**ABOUT THIS TASK**
From the listing below, copy each line that holds "Distressed".

**DATA RECORDS**
────────────────────
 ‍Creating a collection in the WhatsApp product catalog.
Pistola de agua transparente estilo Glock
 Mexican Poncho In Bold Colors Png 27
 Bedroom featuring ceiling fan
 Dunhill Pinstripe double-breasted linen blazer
────────────────────
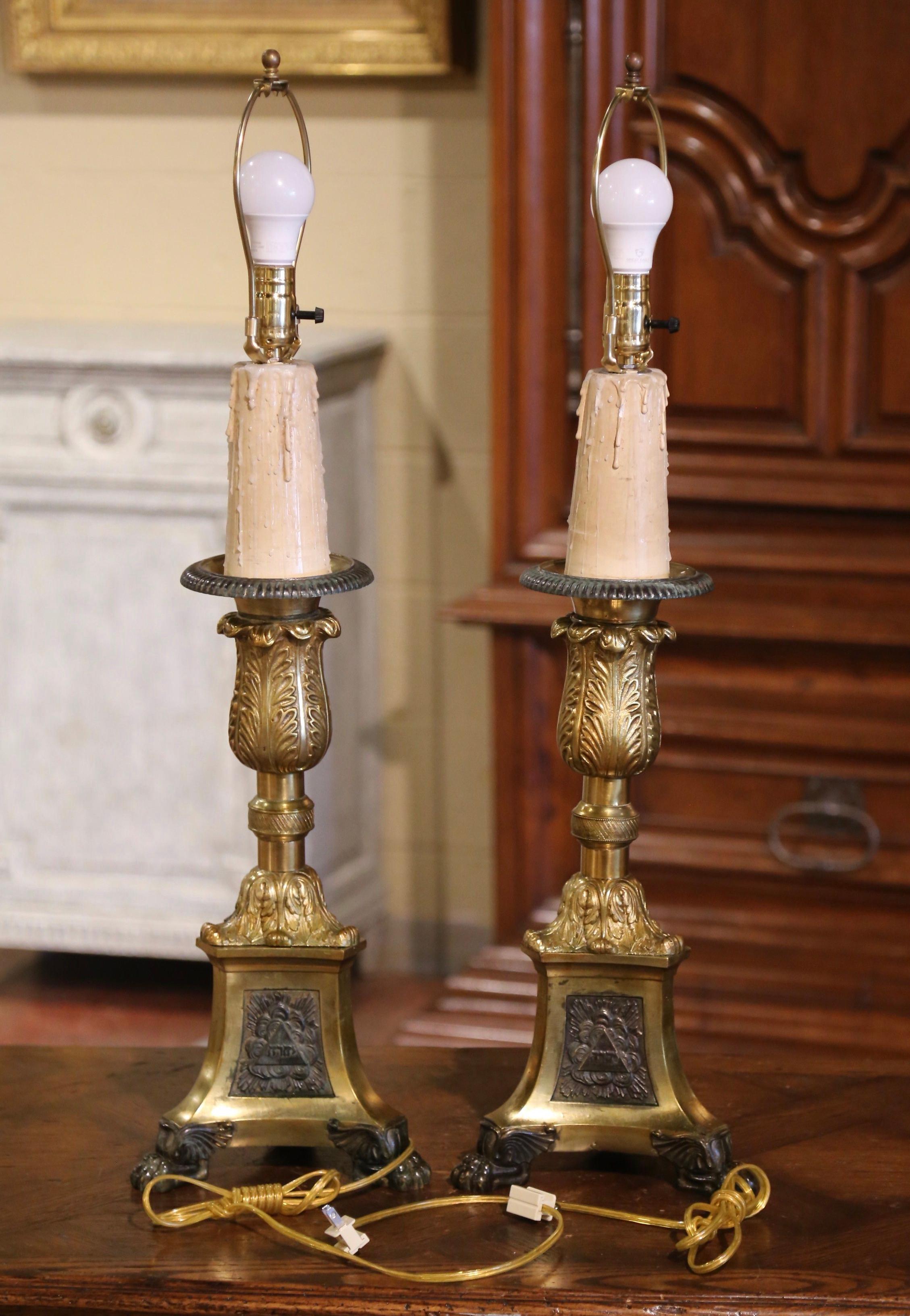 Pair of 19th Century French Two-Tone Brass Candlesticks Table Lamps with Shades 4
────────────────────
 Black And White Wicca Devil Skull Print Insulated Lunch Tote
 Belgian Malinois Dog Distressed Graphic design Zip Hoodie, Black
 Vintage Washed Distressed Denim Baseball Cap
────────────────────
**REPLY TO THE EXERCISE**
 Belgian Malinois Dog Distressed Graphic design Zip Hoodie, Black
 Vintage Washed Distressed Denim Baseball Cap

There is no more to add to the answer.